My mind easily recalled most of the names of the people in my youth
group and I began to wonder what happened to each of them.
Where are they now?
Are they still following the Lord after twenty years? Are they married? Do they have families of their own? Questions.
Ponderings. Memories.
I set the pictures down and rummaged through the old gems
again. This time I pulled out a stack
of statistics of when I played football, jr. high basketball and ran
track. Certificates, a handful of
ribbons of various colors, copies of newspaper articles and pins to decorate
some coat were stuffed near the bottom of this box—long forgotten by their
owner. Memories of certain games
flooded my mind—our first jr. high basketball game where we lost 58 to 8 or my
jr. high football games where we won all our games except the last, which we
tied.
Then I pulled out a peculiar treasure: a deck of ‘snake cards.’ Yup, I liked those slithering reptiles when I was growing up. For some reason they always fascinated me though I could not tell you why. I always wanted a pet snake but my mom always said, “You’ll have to keep it outside.”

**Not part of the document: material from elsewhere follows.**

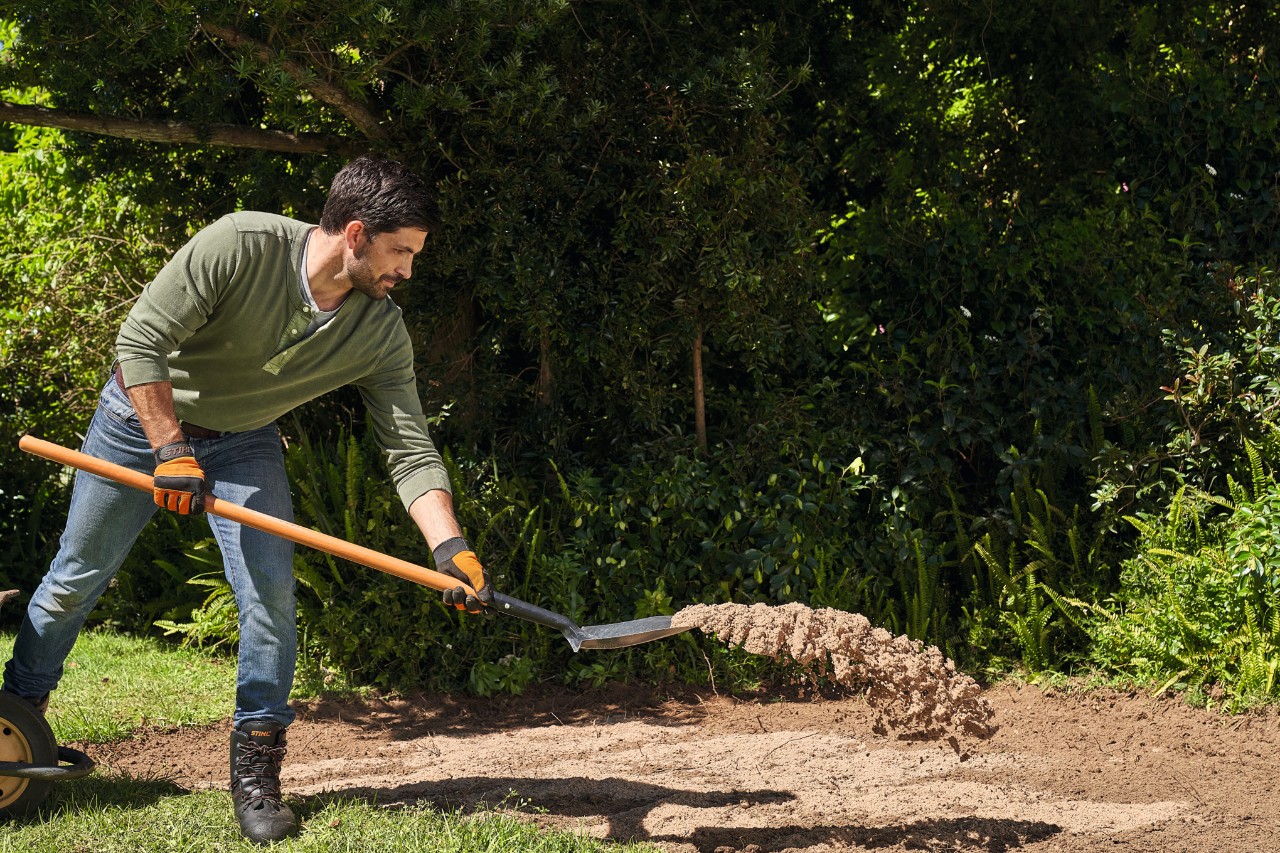 Ein Mann verteilt mit einem Spaten Bausand auf lehmigem Gartenboden, um ihn abzumagern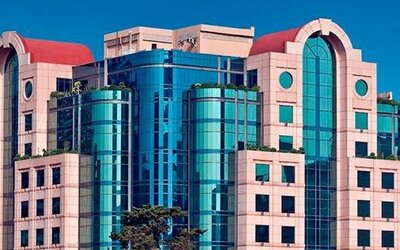Daytime exterior of Hotel Marquis Reforma featuring its distinctive glass and stone façade.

“Why?” I typically answered.
“What if it escapes?” She typically answered.
So I never really had a pet snake. I caught them occasionally, kept them for a day or so and then
would let them go.
Then came a stack of various magazines: some from my
denomination, some religious ones and a couple of teenage magazines geared for
the ‘average teenager’ (this was before cell phones, twitter, facebook and the
internet—yeah, I know, I lived in the ‘stone age’ back then!) I paged through one of the teenage magazines
and came across an article entitled, ‘The Boredom Zone.’ Next to it was a little quote that read:
“Most boring Sermon: In 1977, Rev. Tony Leyva preached to his congregation in
West Palm Beach—for 72 hours.” That’s a
very long time to listen to a sermon, much less preach one!